For HLA-A3, using the intermediate binding affinity threshold resulted in highest sensitivity for IEDB consensus (0.52) and IEDB recommended (0.48; Fig. 3B, panel HLA-A3, column “inter”). These methods return a percentile rank as prediction score and do not indicate a third low binding affinity threshold. For HLA-A24, A1, B7, and B15, IEDB recommended and IEDB consensus showed the highest sensitivity across tested methods when the intermediate binding affinity threshold was applied (Fig. 3B; Supplementary Fig. S3B, columns “inter”).
Recommended individual decision thresholds increase prediction sensitivity
For projects aimed at finding all possible HLA-binding peptides from a given protein, the gain in sensitivity by using more tolerant decision thresholds is attractive if it can be balanced against decreased specificity. However, our analysis showed that it is not generally favorable to use the low binding affinity thresholds indicated by the prediction algorithms. We calculated new threshold recommendations individually for each predictor, HLA type, and peptide length. Our recommendations are based on the following criteria: (i) a minimum specificity of 0.66 (equal to a maximum FPR of 0.33), (ii) prediction of at least twice as many TPs than false positives, and (iii) calculation of the threshold yielding the highest possible sensitivity within the limits defined in (i) and (ii). The application of these criteria is shown for HLA-A2 and two selected predictors (NetMHC 4.0 and IEDB SMM) in Fig. 4A. For predictors showing high AROC values (e.g., for ANN methods predicting for HLA-A2 binding), applying these criteria often resulted in thresholds even more tolerant than the low binding affinity thresholds indicated by the algorithms. However, for the more poorly performing methods (e.g., IEDB SMM predicting for HLA-A2 binding), threshold recommendations were often found between the intermediate and low-affinity thresholds. For single-length predictions, all threshold recommendations and associated performance measures (AROC, PPV, specificity, and sensitivity) are listed in Table 1.

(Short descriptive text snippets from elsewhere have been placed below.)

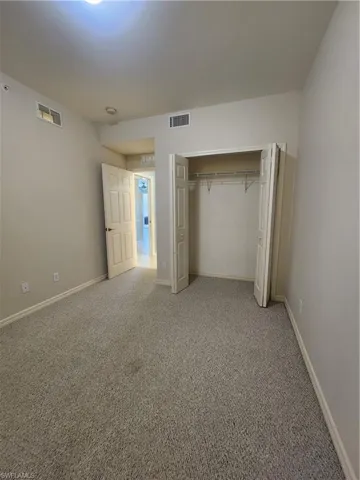 Guess Bedroom 1 with Closet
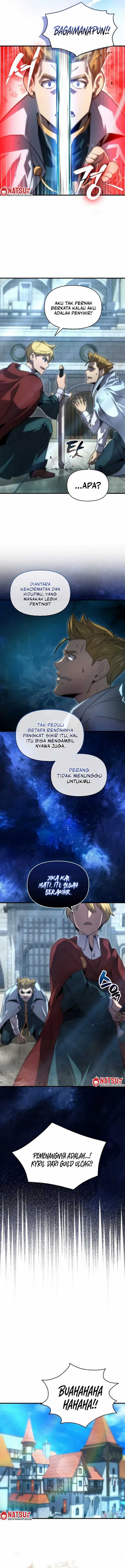 9th Class Sword Master Chapter 32 Halaman 9
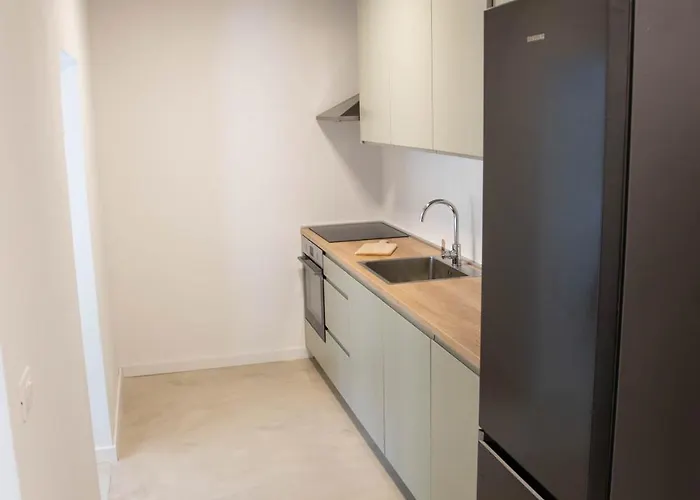 Appartement A-seven Rovinj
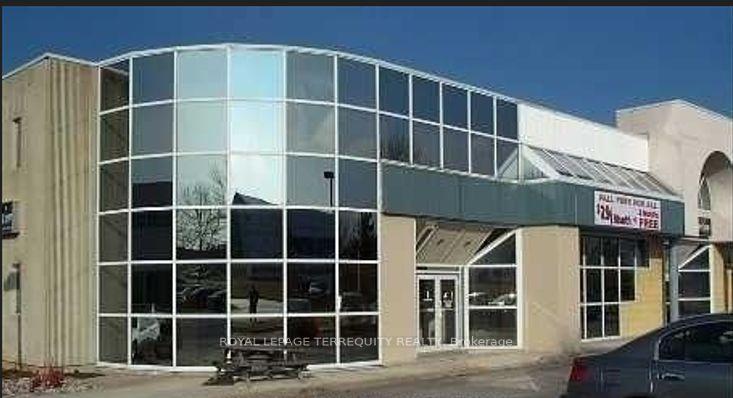 9 - 60 Granton Drive Richmond Hill Ontario Canada Lease commercial ROYAL LEPAGE TERREQUITY REALTY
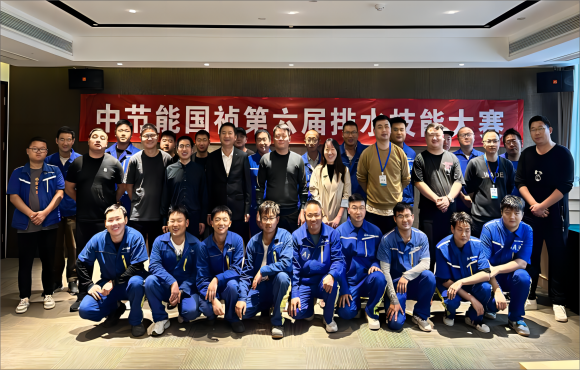 赛学相融——LETOU乐投第六届排水技术大赛圆满闭幕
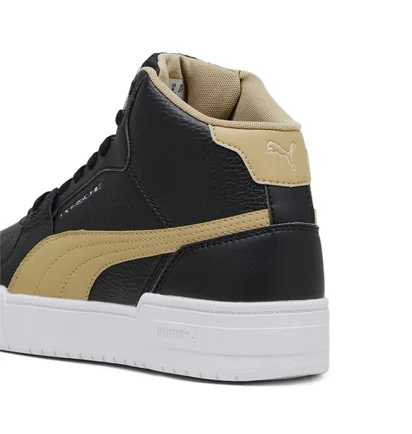 Кросівки чоловічі Puma Porsche Ca Pro Mid Black 392865-01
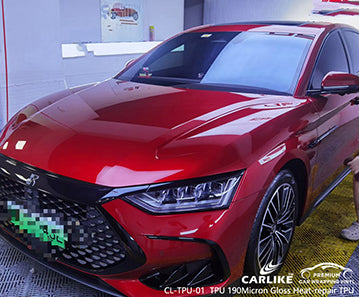 CL-TPU-01 ppf car paint protection film for byd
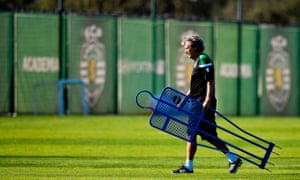 Jorge Jesus, the Sporting head coach, was reportedly one of those targeted by a group of intruders at the club’s Alcochete training ground.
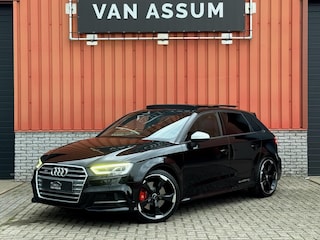 Audi A3 Sportback 2.0 TFSI S3 quattro Pano Camera Stoelvw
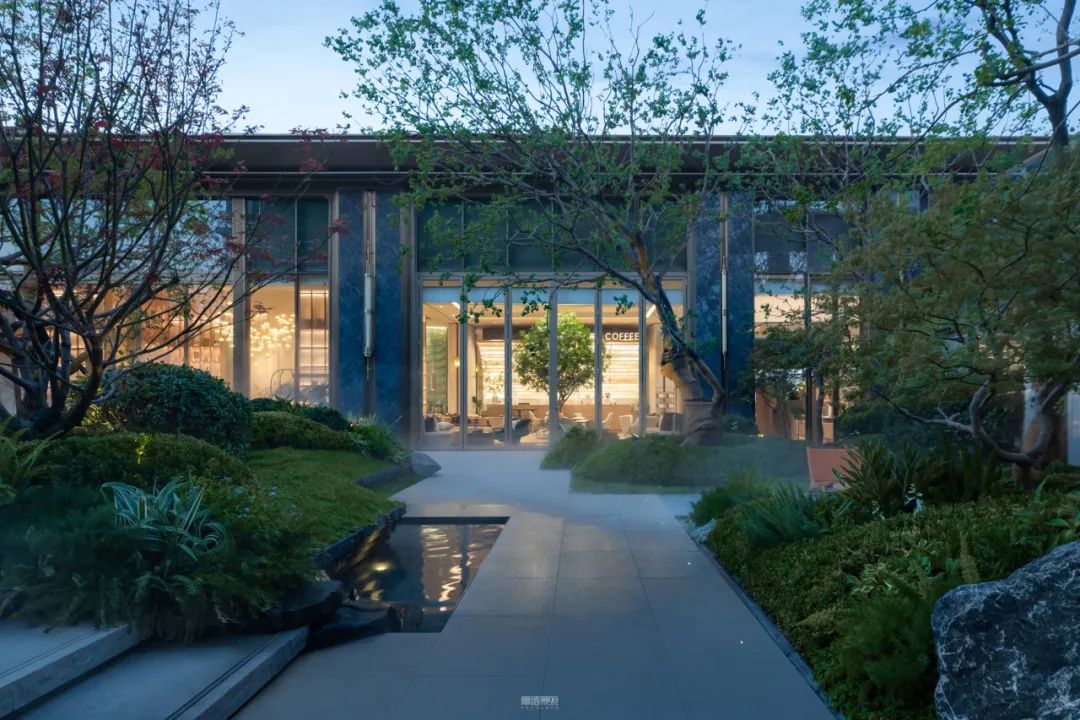 招商蛇口郑州·林屿境 | 厚德景观 ARCHINA 项目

Assessment of prediction performance using thresholds individually recommended for HLA-A2 binding predictions versus general intermediate and low binding affinity thresholds. General thresholds for predicting intermediate (IC50 ≤ 500 nM or percentile rank ≤ 2) and low (IC50 ≤ 5000 nM) HLA-binding affinity were compared with individually recommended thresholds specific for each predictor and peptide length. A, In ROC curves of NetMHC 4.0 and IEDB SMM, general and recommended thresholds are presented. The red area indicates the possible location of the recommended threshold, based on the criteria FPR ≤0.33 (specificity ≥ 0.66) and TPR ≥ 2× FPR, shown as red lines. Within these, the threshold resulting in the highest sensitivity (highest TPR) was selected. Colored arrows point on the last data point within the respective threshold indicated in the figure legend (downward for NetMHC 4.0 and upward for IEDB SMM). Sample size (n) is indicated in the bottom right corner of each ROC plot. B, Sensitivity, specificity, and accuracy of the recommended thresholds were validated by bootstrapping and compared with the generally used intermediate and low binding affinity thresholds in a second bootstrapping. Box plots show quartiles, and whiskers indicate the 95% interval of data. Thresholds are indicated on the y-axis. One-way ANOVA followed by the Dunnett multiple comparisons test (significance, P < 0.05) was performed to determine the significance of indicated differences of the means. ***, P < 0.001; **, P < 0.01; ns, not significant.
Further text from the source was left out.